Start of Block

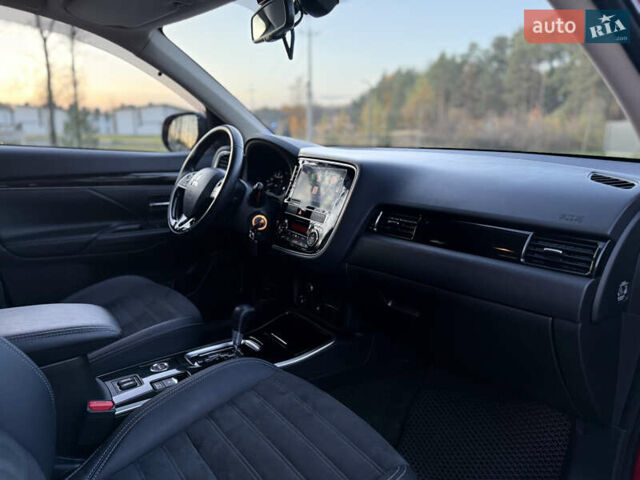 Красный Мицубиси Аутлендер, объемом двигателя 2 л и пробегом 85 тыс. км за 18900 $, фото 36 на Automoto.ua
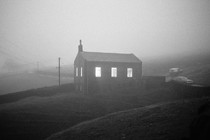 A photo of a building in the middle of a foggy field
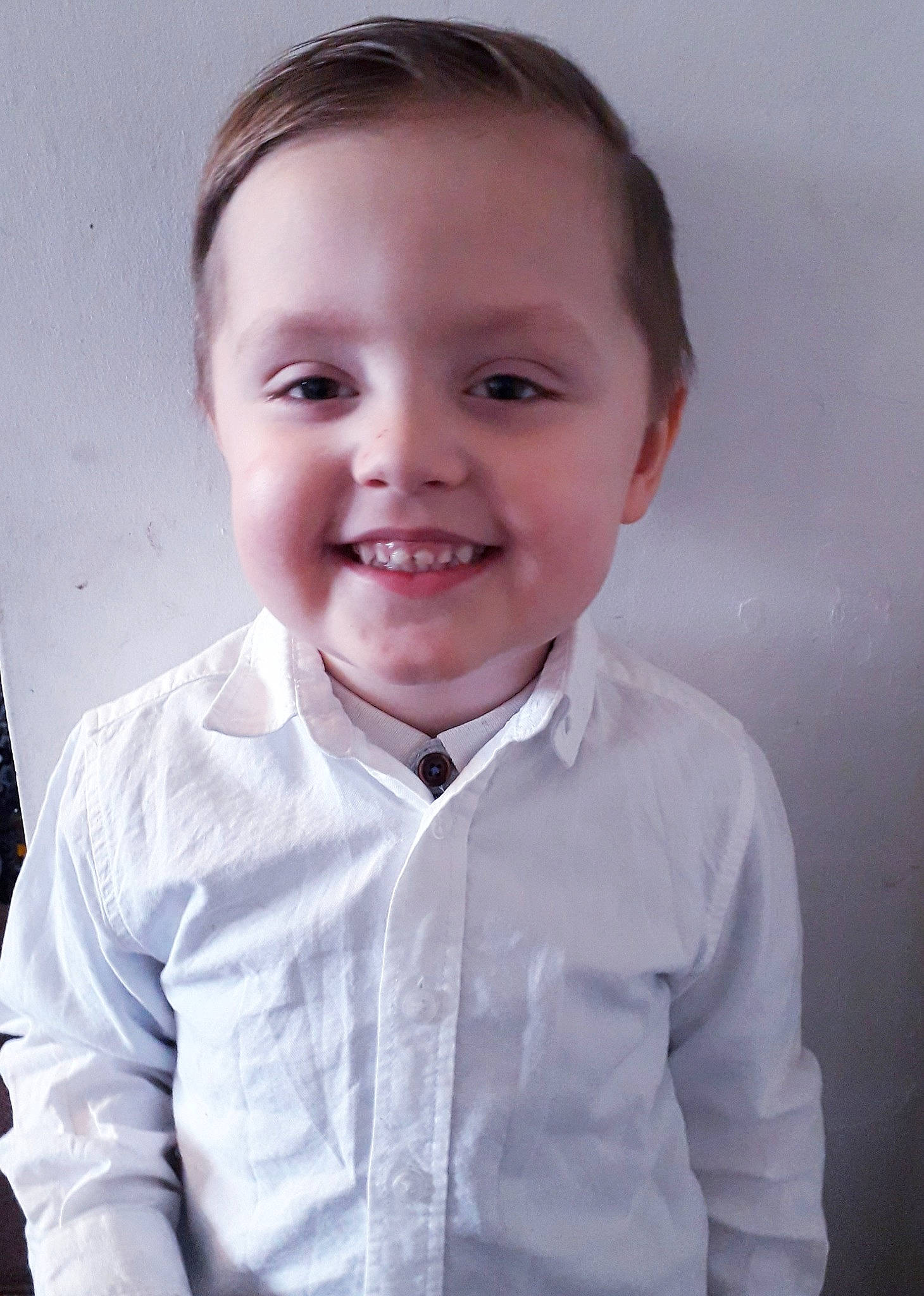 Robert is registered to the contest to win money with this photo: arm, baby_toddler_clothing, cheek, collar, dress_shirt, eyebrow, flash_photography, formal_wear, gesture, happy, iris, jaw, joy, lip, nose, outerwear, person, shoulder, sleeve, smile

End of Block

Reproduce verbatim the lines of the material above, beginning with its first line and ending with the line that contains "A photo of a"; skip pictures.

_Output below_
 Красный Мицубиси Аутлендер, объемом двигателя 2 л и пробегом 85 тыс. км за 18900 $, фото 36 на Automoto.ua
 A photo of a building in the middle of a foggy field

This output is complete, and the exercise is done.